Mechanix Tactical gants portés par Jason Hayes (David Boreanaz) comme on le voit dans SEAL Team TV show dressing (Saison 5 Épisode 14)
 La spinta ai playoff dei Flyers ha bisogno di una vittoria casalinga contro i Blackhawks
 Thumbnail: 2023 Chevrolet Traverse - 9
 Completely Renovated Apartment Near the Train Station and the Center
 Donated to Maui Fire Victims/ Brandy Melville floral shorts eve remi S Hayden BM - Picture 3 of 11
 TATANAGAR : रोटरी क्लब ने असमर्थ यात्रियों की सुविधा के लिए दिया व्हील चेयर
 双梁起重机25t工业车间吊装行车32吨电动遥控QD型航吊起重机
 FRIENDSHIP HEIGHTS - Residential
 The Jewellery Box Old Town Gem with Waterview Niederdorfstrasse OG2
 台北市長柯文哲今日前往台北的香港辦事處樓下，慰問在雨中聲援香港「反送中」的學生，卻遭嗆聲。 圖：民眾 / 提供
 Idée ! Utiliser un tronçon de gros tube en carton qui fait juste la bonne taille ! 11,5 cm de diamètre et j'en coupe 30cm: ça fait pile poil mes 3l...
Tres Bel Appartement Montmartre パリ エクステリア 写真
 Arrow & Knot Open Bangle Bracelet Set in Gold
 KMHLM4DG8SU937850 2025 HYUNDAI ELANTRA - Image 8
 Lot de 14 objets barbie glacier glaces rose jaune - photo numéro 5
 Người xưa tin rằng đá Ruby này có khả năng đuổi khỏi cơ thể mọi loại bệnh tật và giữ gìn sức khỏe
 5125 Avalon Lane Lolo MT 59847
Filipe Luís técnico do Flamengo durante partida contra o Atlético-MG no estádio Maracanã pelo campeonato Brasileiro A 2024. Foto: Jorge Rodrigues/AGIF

◆ Exercise prompt: The records above must be written out again exactly.

◆ Response area:
Mechanix Tactical gants portés par Jason Hayes (David Boreanaz) comme on le voit dans SEAL Team TV show dressing (Saison 5 Épisode 14)
 La spinta ai playoff dei Flyers ha bisogno di una vittoria casalinga contro i Blackhawks
 Thumbnail: 2023 Chevrolet Traverse - 9
 Completely Renovated Apartment Near the Train Station and the Center
 Donated to Maui Fire Victims/ Brandy Melville floral shorts eve remi S Hayden BM - Picture 3 of 11
 TATANAGAR : रोटरी क्लब ने असमर्थ यात्रियों की सुविधा के लिए दिया व्हील चेयर
 双梁起重机25t工业车间吊装行车32吨电动遥控QD型航吊起重机
 FRIENDSHIP HEIGHTS - Residential
 The Jewellery Box Old Town Gem with Waterview Niederdorfstrasse OG2
 台北市長柯文哲今日前往台北的香港辦事處樓下，慰問在雨中聲援香港「反送中」的學生，卻遭嗆聲。 圖：民眾 / 提供
 Idée ! Utiliser un tronçon de gros tube en carton qui fait juste la bonne taille ! 11,5 cm de diamètre et j'en coupe 30cm: ça fait pile poil mes 3l...
Tres Bel Appartement Montmartre パリ エクステリア 写真
 Arrow & Knot Open Bangle Bracelet Set in Gold
 KMHLM4DG8SU937850 2025 HYUNDAI ELANTRA - Image 8
 Lot de 14 objets barbie glacier glaces rose jaune - photo numéro 5
 Người xưa tin rằng đá Ruby này có khả năng đuổi khỏi cơ thể mọi loại bệnh tật và giữ gìn sức khỏe
 5125 Avalon Lane Lolo MT 59847
Filipe Luís técnico do Flamengo durante partida contra o Atlético-MG no estádio Maracanã pelo campeonato Brasileiro A 2024. Foto: Jorge Rodrigues/AGIF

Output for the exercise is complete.